Слышите? Он ничем не грозит ни этим неблагодарным детям, ни глухим сверстникам. Здесь нет камня за пазухой, нет ничего, вроде «Ну, подождите, вы еще обо мне услышите!» Нет и знаменитого «Сочтемся славою» — не с кем было с ней считаться. Подвиг совершался без мысли о славе. Здесь было иное: «Пусть я умру, но останется ли жить потомство мое?» Но ведь ответ на такие вопросы дает только история.

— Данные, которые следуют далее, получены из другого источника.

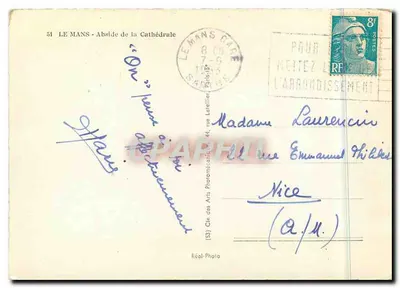 Le Mans - Absydę katedry — widok z pomnikiem upamiętniającym zmarłych — Spółka Sztuki Fotomechanicznej — Rewers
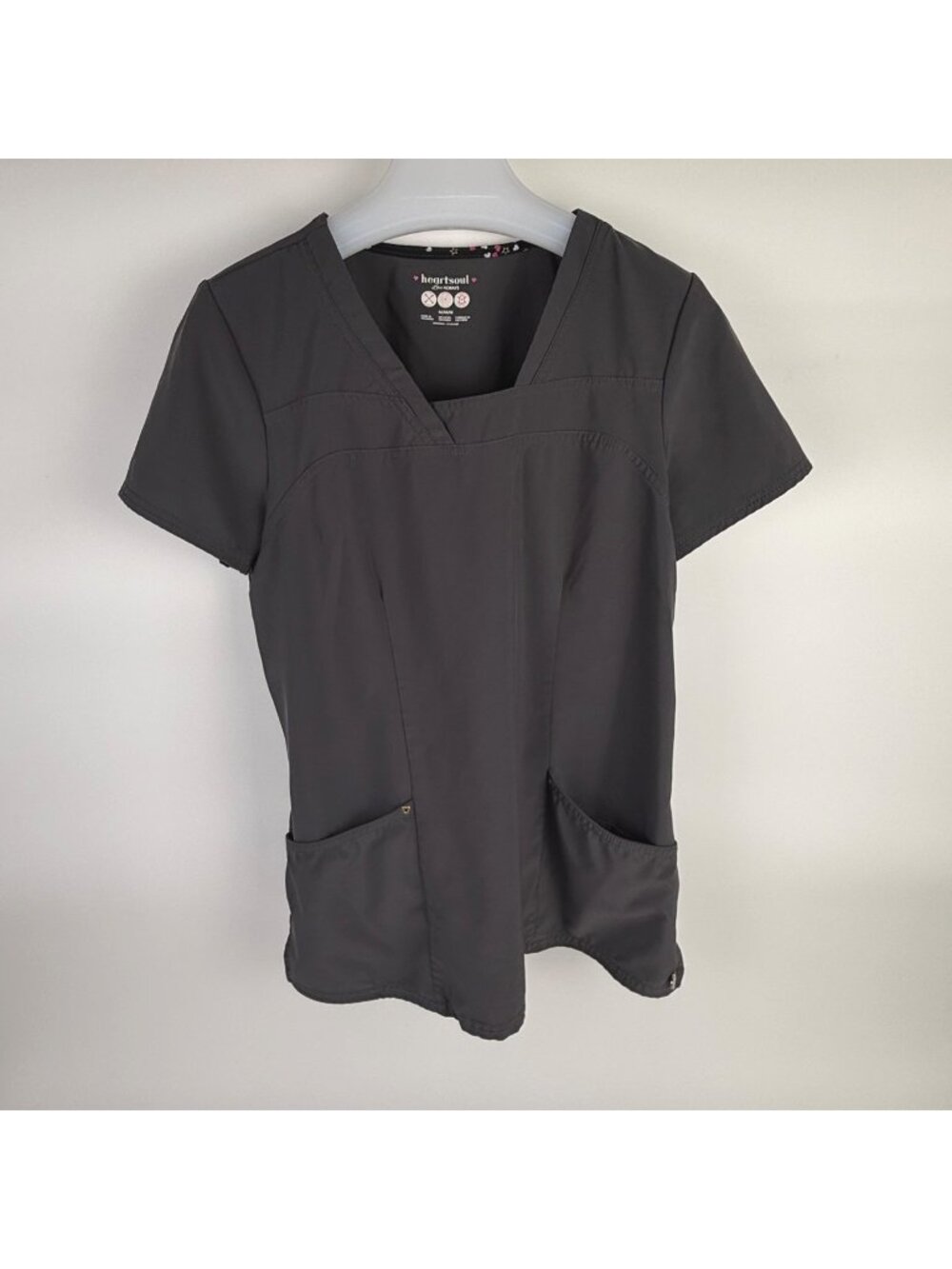 Heart & Soul Women's Gray Short-Sleeve Scrub Top Size M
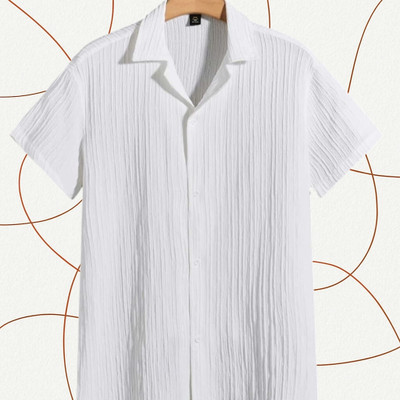 A FUBAR Men Self Design Formal Gold Shirt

Фигуры, подобные Абаю, возникают на стыке двух эпох. Об этом очень хорошо написал в свое время Герцен:
«Последнее время перед вступлением в новую фазу жизни тягостно, невыносимо для всякого мыслящего. Все вопросы становятся скорбными... Безумные надежды идут рука об руку с отчаянием; предчувствие томит, а, по-видимому, ничто не свершается. Это глухая подземная работа... пробивающаяся на свет. Время тягости и страданий, оно похоже на переход по степи безотрадной, изнуряющей — ни тени для отдыха, ни источника для оживления. Плоды, взятые с собой, гнилы, плоды, встречающиеся по дороге, кислы... Счастливы те, которые закроют глаза, видя хоть издали деревья обетованного края. Большая часть умирает или в безумном бреду, или устремляя глаза на давящее небо, лежа на жестком каленом песке».
Но и это еще не все.
У странников, умирающих на каленом песке в пустыне, — об этом Герцен не пишет, — есть свои враги. Это те, которым никуда не надо идти, которые ничего не ждут, ни к чему не стремятся, которым не нужны ни Пушкин, ни Абай, ни песня Татьяны. Единственно, что они хотят от жизни, — чтобы она осталась такой, какая она есть, чтобы оставались их личные феодальные права на жизнь и смерть своих подданных, тысячи голов скота в бескрайней степи, принадлежащие лично им, адат и шариат и русский чиновник, для того чтобы сохранять неприкосновенность и незыблемость всего сущего. Этот косный и жестокий мир по-своему хорошо обжит, и существовать в нем им довольно удобно и просто. А тех, кто куда-то зовет и надеется на что-то новое, они ненавидят деятельной, изобретательной ненавистью. У этих хищников есть своя волчья диалектика и своя теория моральной относительности мира. Вот как излагает ее Абай:
«Если вам выгодно, вы будете называть белое черным, а черное белым и ложь выдавать за правду. Вы любите говорить: «Клятва не устоит перед занесенным мечом», «Нет такого греха, который бы не был прощен Аллахом». Вы идете к русскому чиновнику, падаете на колени и лжете ему, а потом бежите к торговцу войлоком, проводите ладонью по лицу, молитесь и поносите того самого русского чиновника, перед которым только что унижались».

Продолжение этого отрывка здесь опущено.